The opening of Shanghai Disneyland in China on Monday showed the major changes that will most likely be coming to Disney World and Disneyland when the popular U.S. theme parks in Florida and California eventually reopen.
Guests and employees at the Disney theme park in Shanghai, which had been closed since Jan. 24 due to the coronavirus pandemic, were required to wear face coverings and had their temperature taken at the entrance to the park.
Social distancing was enforced on lines waiting for rides by having markings on the ground indicating where guests should stand. Photos from the reopening also show rides with rows of seats blocked off and rides with only one person per car or vehicle unless they are from the same group. Gloves were also required for any rides requiring people to use their hands.
Touch-free sanitizing stations were set up outside rides and ticket areas, and Disney employees regularly wiped down surfaces.
The Chinese government also mandated that the park operate at a maximum of 30% capacity, or 24,000 visitors, but Disney CEO Bob Chapek told CNBC on Monday that it was operating below that capacity. The entry of guests was also staggered to avoid people waiting in large groups together to enter the park.
"I look at this as a stair step,'' Chapek told CNBC. "We're going to be very conservative, we're going to be very prudent, we're going to be very disciplined about how we open up. And then we're going to ramp up and increase."
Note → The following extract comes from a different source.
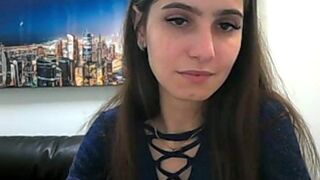 uniwp teen slut fingers pussy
Chapek also said to expect similar safety measures at its U.S. parks to the ones used in Shanghai.
"Along with social distancing, one of the things that we're likely going to require is masks for both the cast and the guests," he said.
Disney World in Orlando, Florida, is now accepting reservations beginning on July 1, according to its website, but has not given a firm date for when it is reopening. The location has been closed along with Disneyland in California since March 27 because of the pandemic.
The company announced on its blog last week that it will have a phased reopening of the Disney Springs shopping area adjacent to the park in Orlando starting on May 20 with new safety measures, including face coverings for shoppers and employees.
Disney's chief medical officer, Dr. Pam Hymel, outlined the expected new safety measures in a blog post, writing that physical distancing guidelines, limiting the amount of visitors, increased cleanings and screenings and masks for visitors are being planned as part of the phased reopenings of all the parks.
Disney has been hit hard by closures related to the coronavirus outbreak, reporting a 58% drop in income from parks and cruises in its most recent earnings report. The company estimated it lost about $1 billion due to the closures.